Did you know I, along with other staff at the SCO, provided the administrative support to the Wisconsin Land Information Association (WLIA) during its early formation? We organized conferences, maintained the membership lists, and managed the finances. As the Association grew in membership and activity, management responsibilities were contracted to others. I served on the WLIA Board of Directors for four years and several committees along with my fellow staff at the SCO. Our support and involvement in the WLIA has always been constant as well as with the Wisconsin Society of Land Surveyors and the Wisconsin County Surveyors Association.

Q: Do you have any plans for retirement?

One of Brenda’s bird paintings.

A: Well our initial plans were to do a bit of traveling, but I guess that’s no longer an option during this ugly point in time.

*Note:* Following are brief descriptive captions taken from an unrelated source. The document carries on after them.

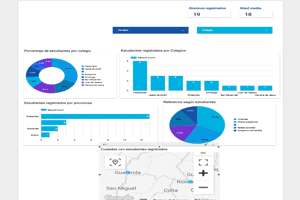 Visualización del dashboard de análisis de datos para empresas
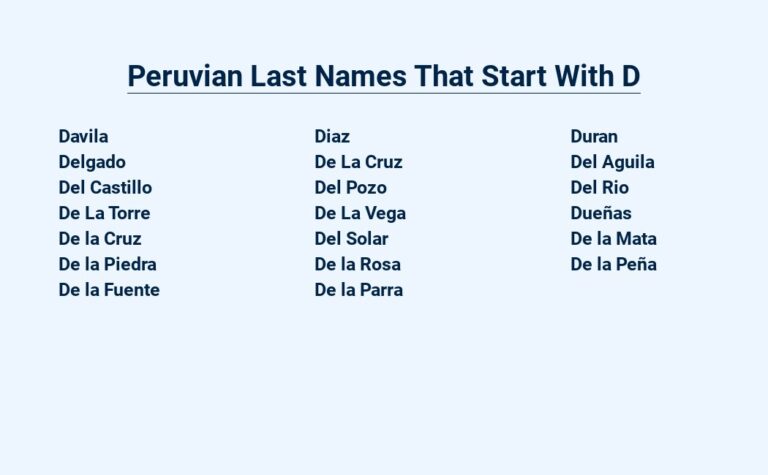 Read more about the article Peruvian Last Names That Start With D – Tracing Ancestry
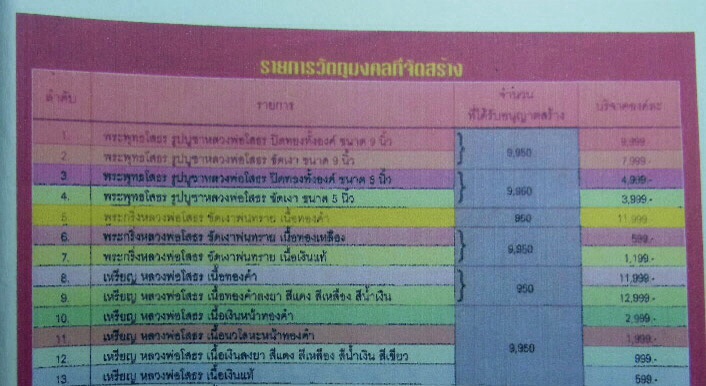 **วัดใจ**เหรียญอาร์มหลวงพ่อโสธร ภปร. รุ่นกาญจนาภิเษก เนื้อเงินลงยา ปี39 มีโค๊ด กล่องเดิม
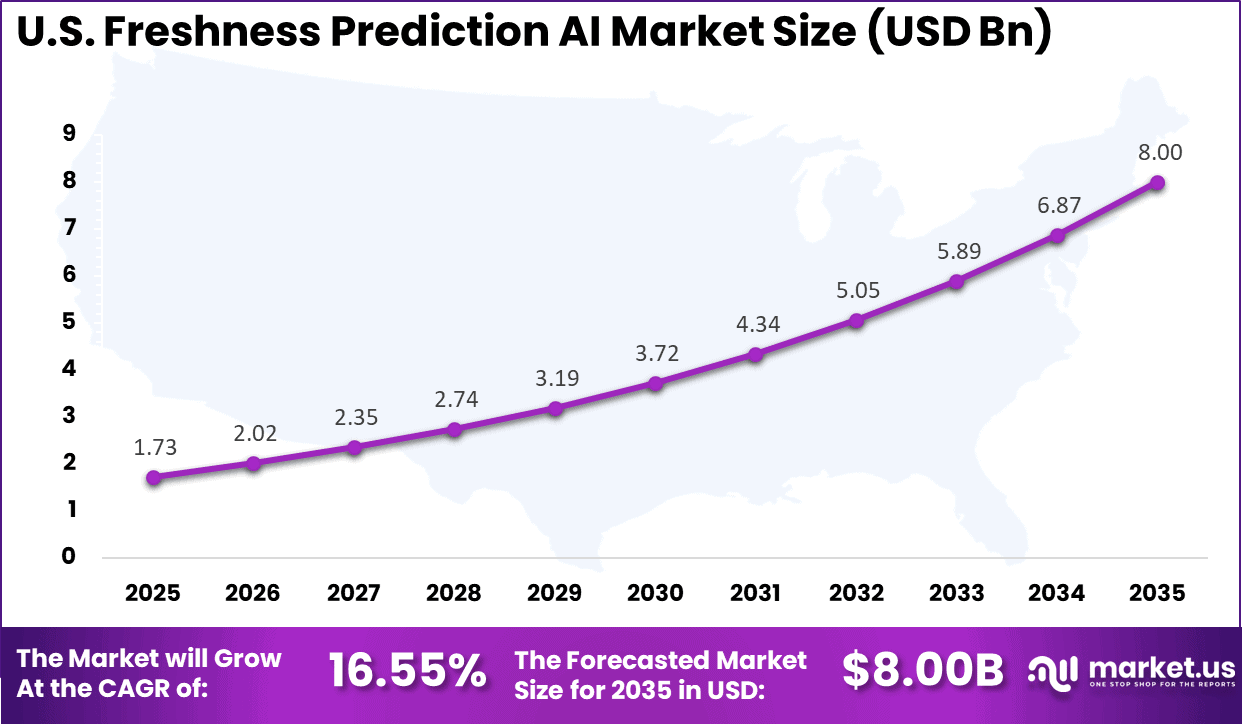 US Freshness Prediction AI Market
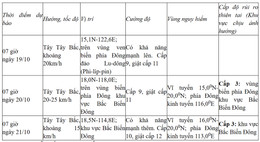 bao sang 18 10.jpg
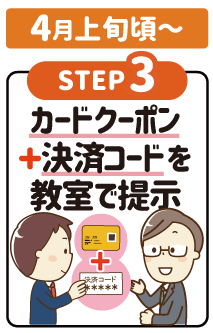 オフライン利用手順❸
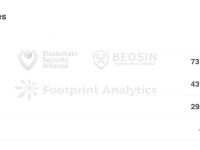 Beosin：2024年Q3 Web3领域总损失达7.3亿美元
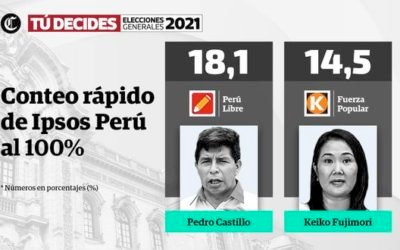 Pedro Castillo y Keiko Fujimori disputarían segunda vuelta- Elecciones Perú 2021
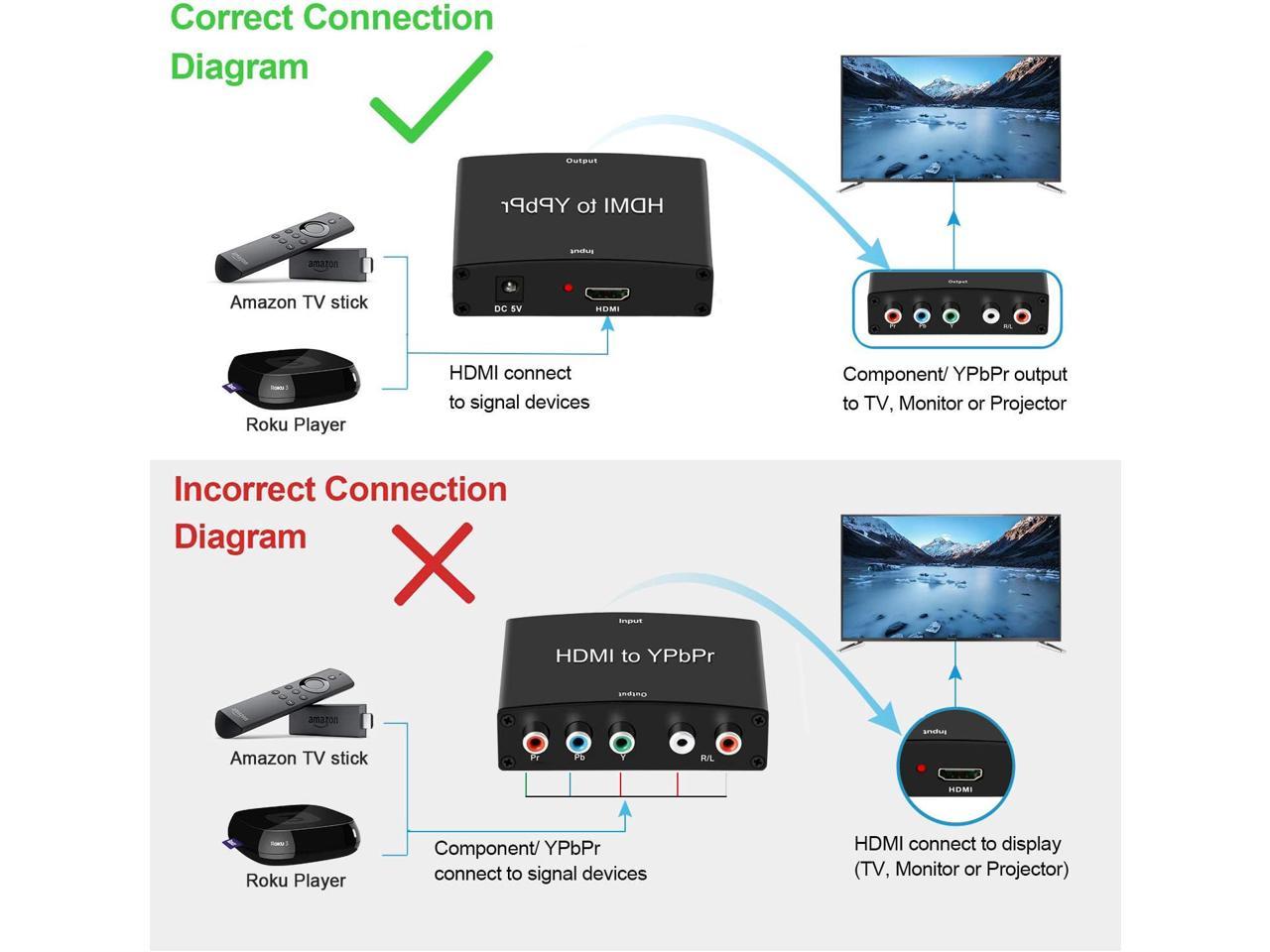 HDMI to Component Converter, HDMI(input) to YPbPr (output) Support ...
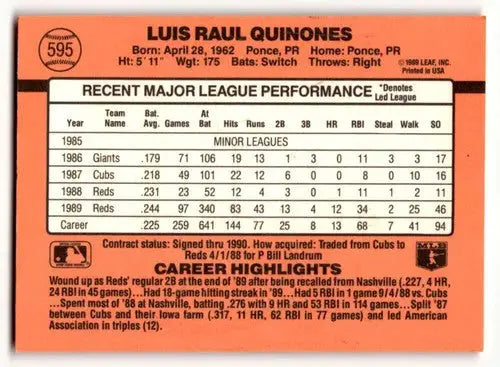 Luis Raul Quinones Cincinnati Reds baseball card from 1990 Donruss series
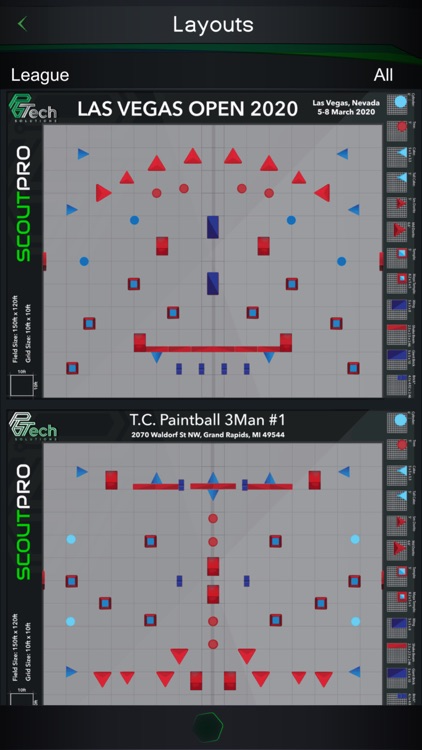 Scout Pro by PBTech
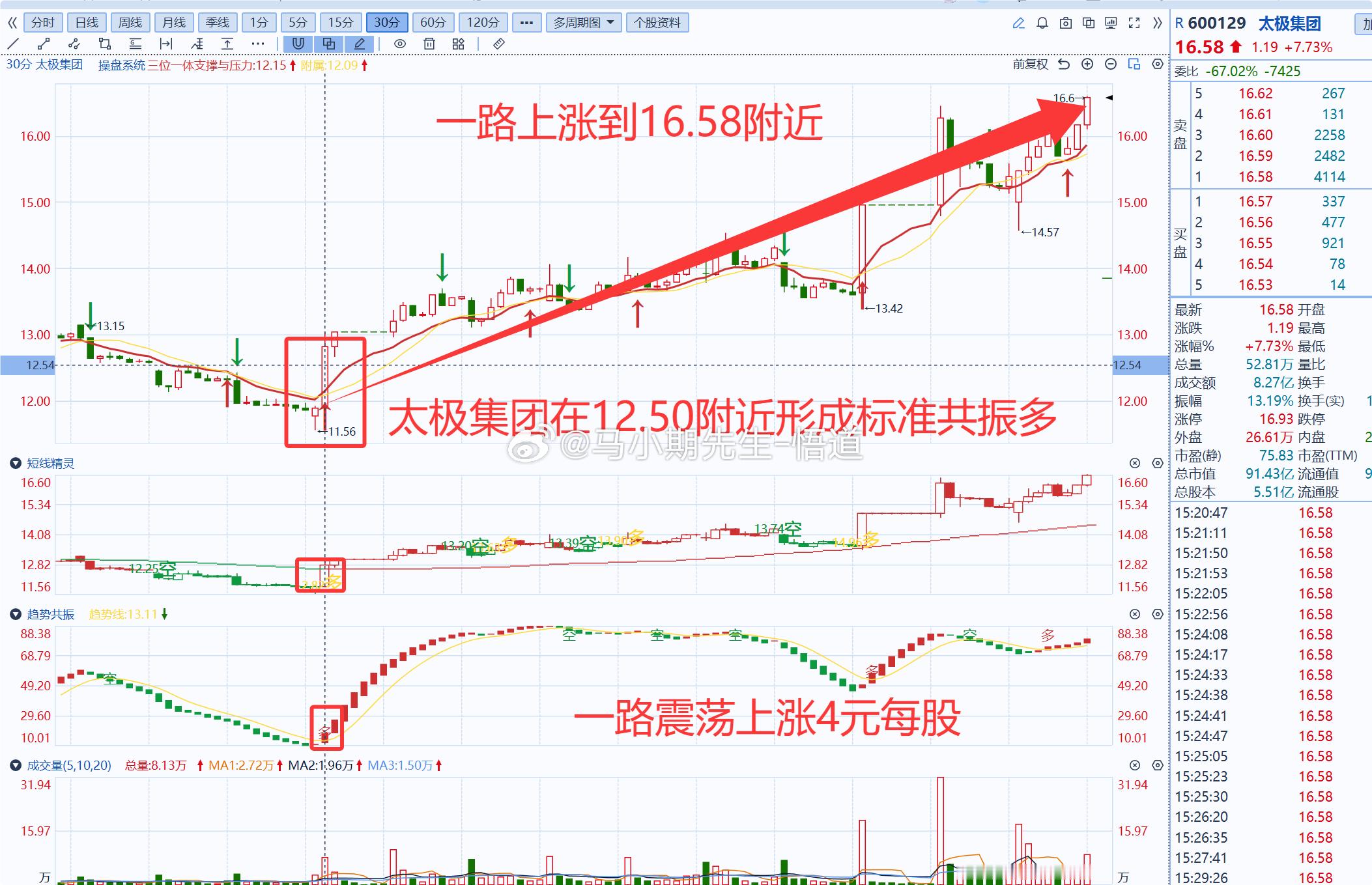 📢（三位一体量价信号操盘系统涨价）通知‼️不仅能解决期货支撑与压力一目了然而且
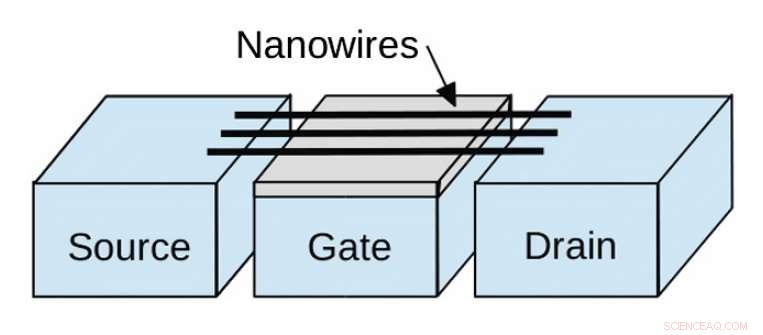 Revolutionary Thermoelectric Device Could Turn Industrial Waste Heat into Competitive Power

We currently have one grandson and he will be joined with a brother or sister in September, so it will be good to be able to hike up to where they live in Green Bay whenever we feel like it. Our daughter is about a 4-hour drive south, so there’s some spontaneous road trips in the future as well.

One thing I’ve been contemplating is setting up a small booth at some of the area craft shows. I’ve always enjoyed drawing and crafting. I’ve painted on rocks, bowls, bottles, jars, wood, etc., and have made garden gizmos, pillows and blankets. I keep getting pushed by family members to “go for it”, telling me people will buy them. I’m kind of skeptical but, what the heck!

 

Q: Last question: you will be terribly missed in the SCO, the Geography Department, and Science Hall. What will you miss the most?

Christine, Brenda and Art, 1980s.

A: I know I’m going to miss the interaction with my county surveyors and my network with the surveying community, and of course, the talented and amazing staff at the SCO and associated departments. I’ve learned SO MUCH from each one of them throughout the years! Not a day went by where I didn’t learn something new. Of course, I will greatly miss all of you!

 

 

Best of luck with your retirement, Brenda!